Struggling with the grief of losing her husband in a car accident several years earlier, Amelia (Essie Davis – Nitram, Babyteeth) is exhausted by the demanding Samuel’s (Noah Wiseman) nighttime routines and daytime aggression. As their relationship unravels, so the Babadook increases its presence in their everyday.

A sublime study of psychosis and PTSD as Amelia subconsciously blames Samuel for her husband’s death, The Babadook, with its excellent central performances, is a provocative and scary horror movie directed by Jennifer Kent (The Nightingale) in her feature film debut.

Winner of the 2015 AACTA award for best Australian Film.

Rating: 68%

‘What’s Love Got To Do With It’

It may be 30 years old but as a biopic of Tina Turner, one of the greatest singers of all time who redefined herself having escaped an abusive marriage, What’s Love Got To Do With It still packs an emotive punch.

Abandoned by her mother as a child, Anna Mae Bullock shone in the local church choir. Moving to St Louis as a teenager, Anna Mae (Angela Bassett – Black Panther: Wakanda Forever, London Has Fallen) soon attracts the attention of band leader, Ike Turner (Laurence Fishburne – The Matrix, The Mule). Dominating everything around him, Ike controls Tina as a singer, a wife, a mother, a woman.
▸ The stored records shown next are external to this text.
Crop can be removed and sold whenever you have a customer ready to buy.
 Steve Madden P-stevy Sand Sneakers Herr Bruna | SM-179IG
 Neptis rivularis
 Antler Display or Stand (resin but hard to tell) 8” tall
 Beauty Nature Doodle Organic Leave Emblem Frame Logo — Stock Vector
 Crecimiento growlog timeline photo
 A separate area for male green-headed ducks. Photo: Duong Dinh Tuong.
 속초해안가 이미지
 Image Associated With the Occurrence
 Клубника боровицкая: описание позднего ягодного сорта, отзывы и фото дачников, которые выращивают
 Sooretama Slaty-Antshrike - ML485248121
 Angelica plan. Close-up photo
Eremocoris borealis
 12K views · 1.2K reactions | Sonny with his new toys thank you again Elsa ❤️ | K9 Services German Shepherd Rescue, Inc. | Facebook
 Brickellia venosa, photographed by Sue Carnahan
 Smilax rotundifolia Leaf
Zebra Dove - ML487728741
As his drug habit spirals out of control and with it an uncontrollable rage, professional jealousy results in increasing violence towards her.

Unflinching in its depiction of domestic violence and abuse, director Brian Gibson’s film may take liberties with actual events, but it remains a potent exploration of Tina Turner the woman and years of stoicism in the name of her children and refusal to abandon them as her mother had years earlier.

Nominated for 2 Oscars in 1994 – best actress and best actor.

Rating: 70%

‘Boston Strangler’

Stifled and dour, it’s the performances that add value to a somewhat dull procedural investigation by female journalists into the identity of the Boston Strangler.

Based on the true story of lifestyle journalist Loretta McLaughlin (Keira Knightley – Colette, The Imitation Game) at the Boston Record American who, initially, is reluctant to accept being partnered with Jean Cole (Carrie Coon – Gone Girl, The Post). Breaking through the glass ceiling away from reviewing the latest kitchen gadget, it’s McLaughlin who sees a pattern in the killings before the local police. In reporting on the serial killer loose in the city, the two women grind out a series of articles through pre-internet journalism – knocking on doors, hanging out at courtrooms, researching news clippings, calling in favours.

Sadly, there’s a lack of suspense in its telling by writer/director Matt Ruskin (Crown Heights, Booster), resulting in a worthy yet dull narrative – not helped by its limited colour palette and mostly interior-set scenes. Spotlight it’s not!